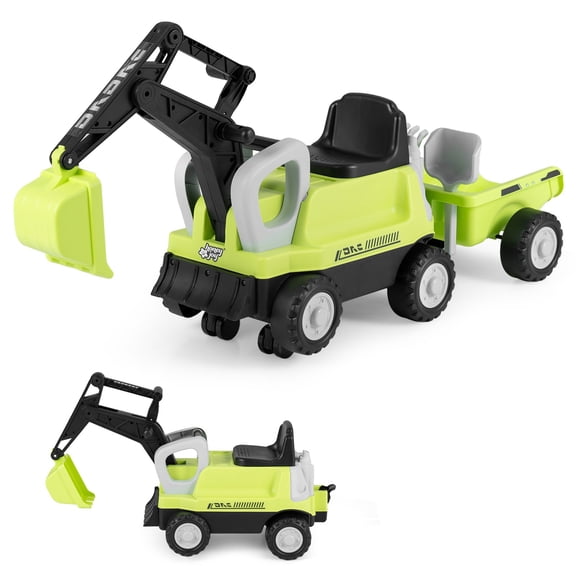 Costway Toddler Ride-On Tractor with Detachable Trailer, Foot-Powered Sliding Car Green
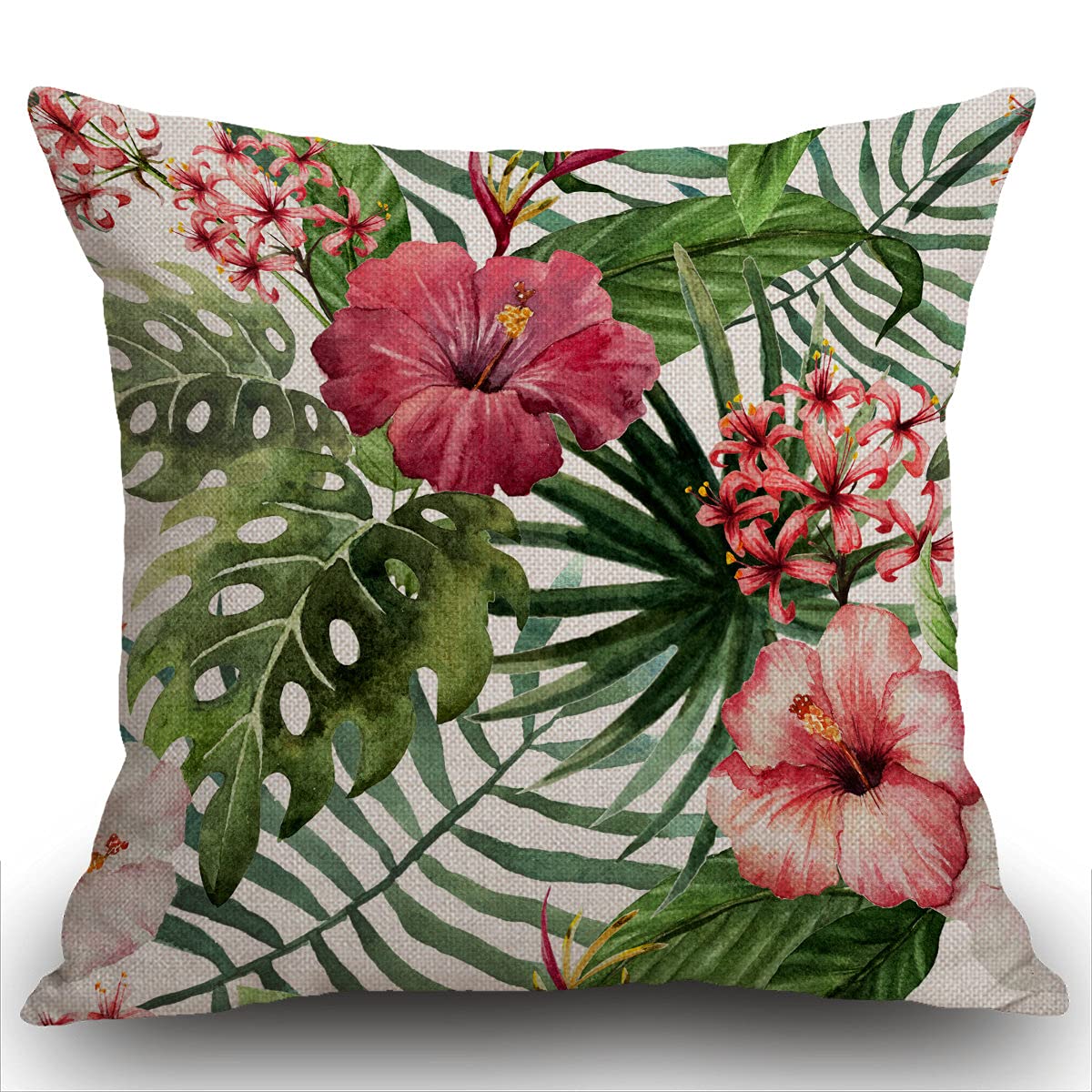 Smooffly Throw Pillow Case Watercolor Tropical Floral Pattern Cushion Covers 18x18 inch Linen Square Throw Pillow Cover for Living Room Sofa Couch Bed Pillowcase 45cm x 45cm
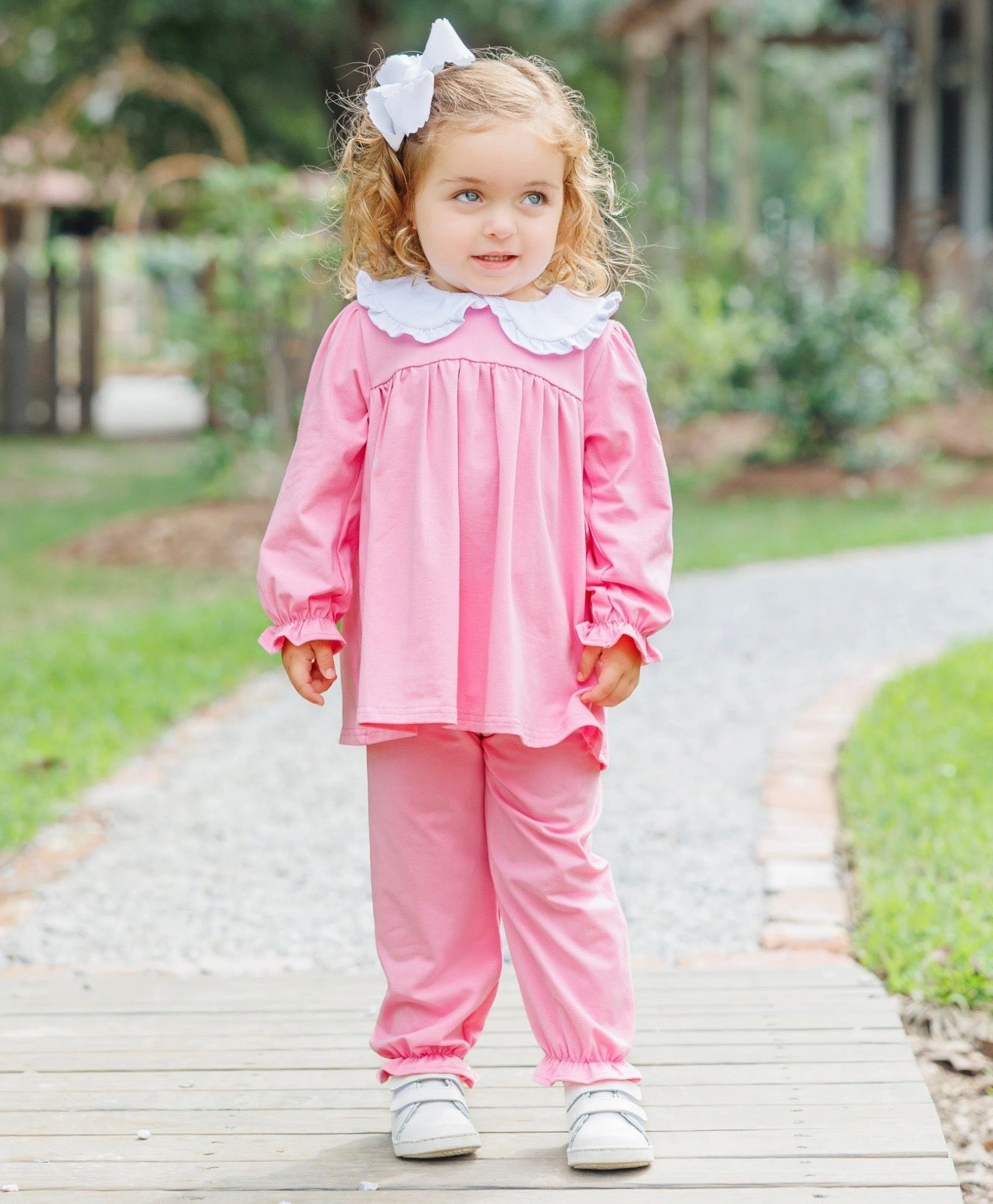 Catherine Pink Girls Bloomer Pants Set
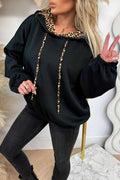 Black Leopard Contrast Drawstring Hood Drop Shoulder Loose Top - Crowned Energy CO.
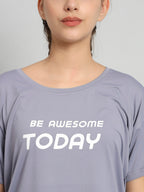MKH Typography Printed Relaxed Fit Dri-Fit T-shirt | Grocsy
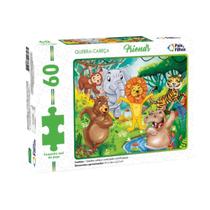 Jogo de Quebra Cabeça Tematico Friends Animais da Selva 60 Peças Educativo Pais & Filhos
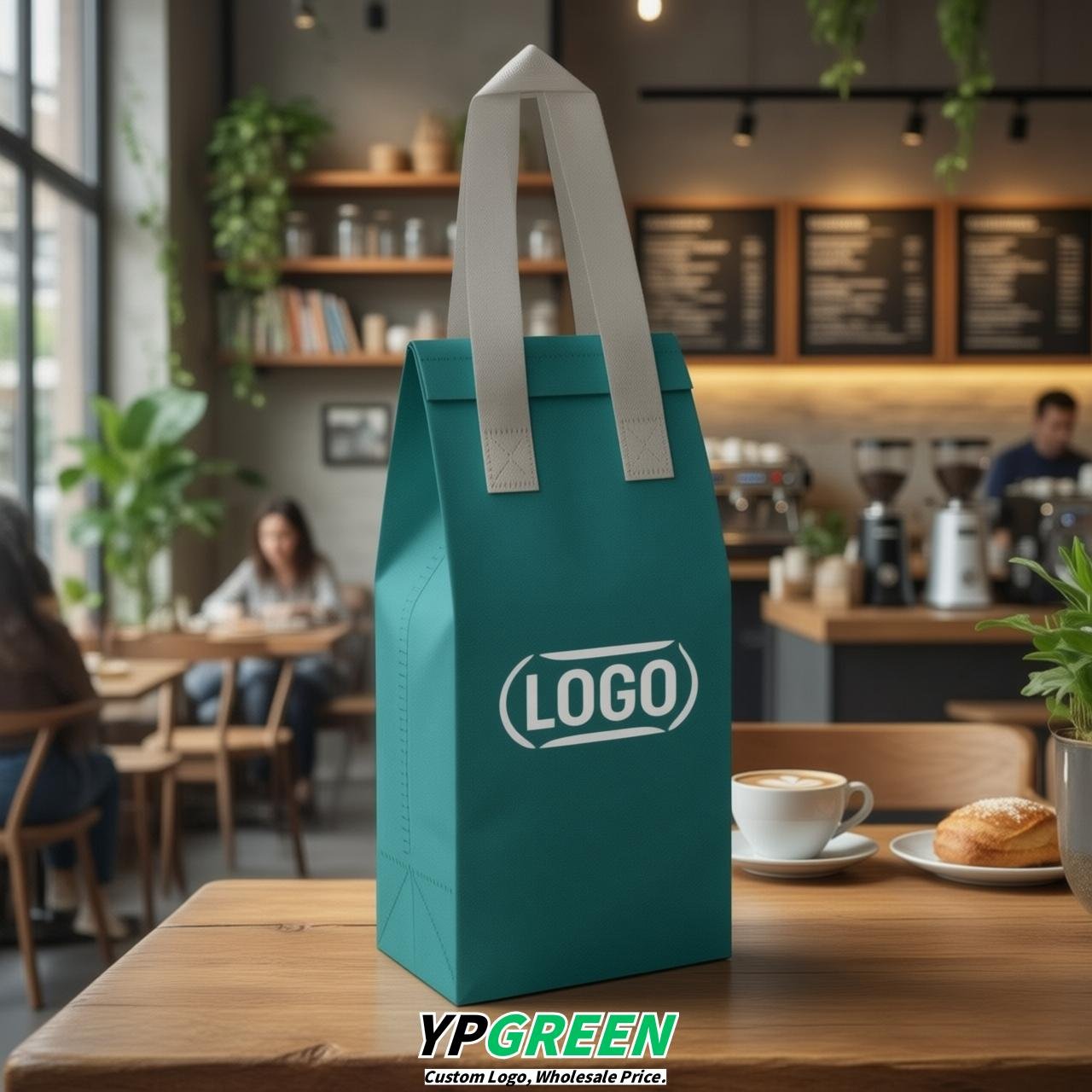 Teal Individual insulated take away bags wholesale 11x4.7x3.9 inches Thermal Beverage Take Out Bags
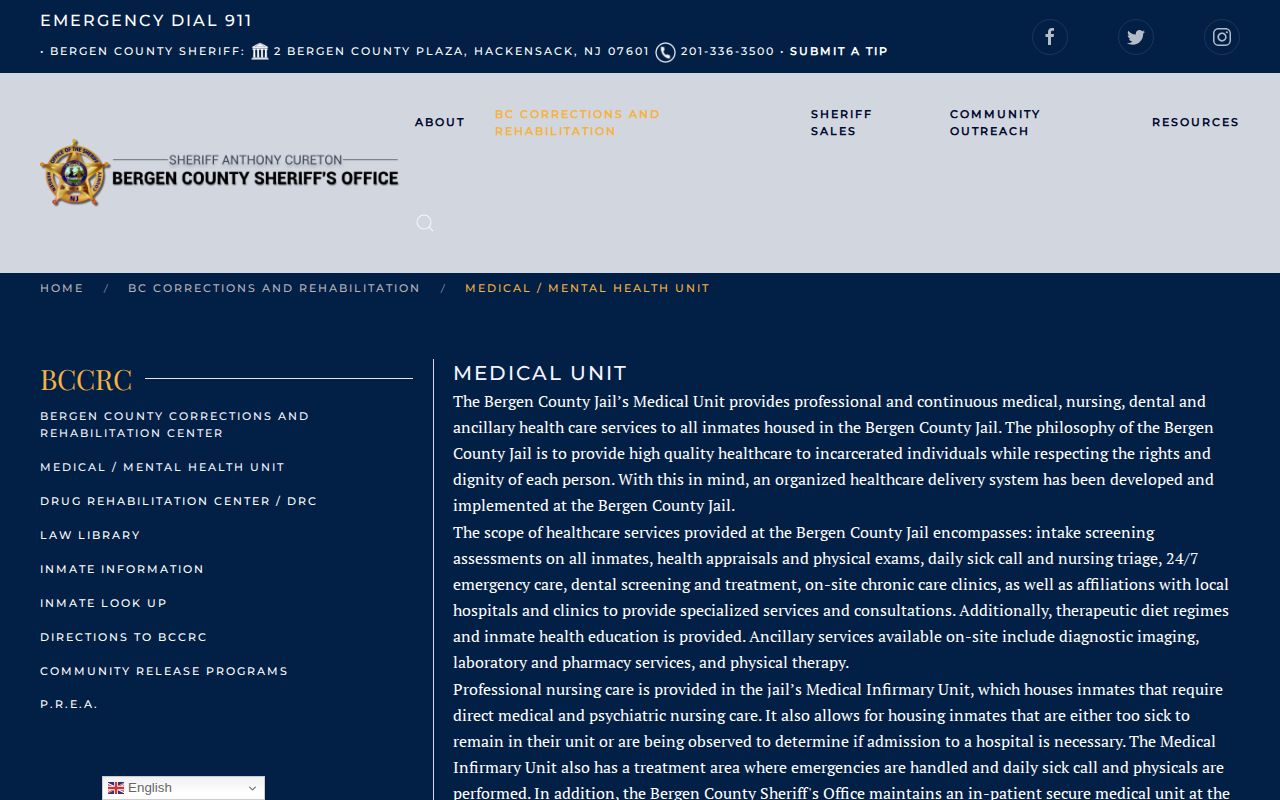 Bergen County Sheriff information about the Bergen New Bridge secure medical unit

**Exercise:**
I would like the material repeated in full and exactly, with its images omitted.

**Exercise result:**
 Costway Toddler Ride-On Tractor with Detachable Trailer, Foot-Powered Sliding Car Green
 Smooffly Throw Pillow Case Watercolor Tropical Floral Pattern Cushion Covers 18x18 inch Linen Square Throw Pillow Cover for Living Room Sofa Couch Bed Pillowcase 45cm x 45cm
 Catherine Pink Girls Bloomer Pants Set
 Black Leopard Contrast Drawstring Hood Drop Shoulder Loose Top - Crowned Energy CO.
MKH Typography Printed Relaxed Fit Dri-Fit T-shirt | Grocsy
 Jogo de Quebra Cabeça Tematico Friends Animais da Selva 60 Peças Educativo Pais & Filhos
 Teal Individual insulated take away bags wholesale 11x4.7x3.9 inches Thermal Beverage Take Out Bags
 Bergen County Sheriff information about the Bergen New Bridge secure medical unit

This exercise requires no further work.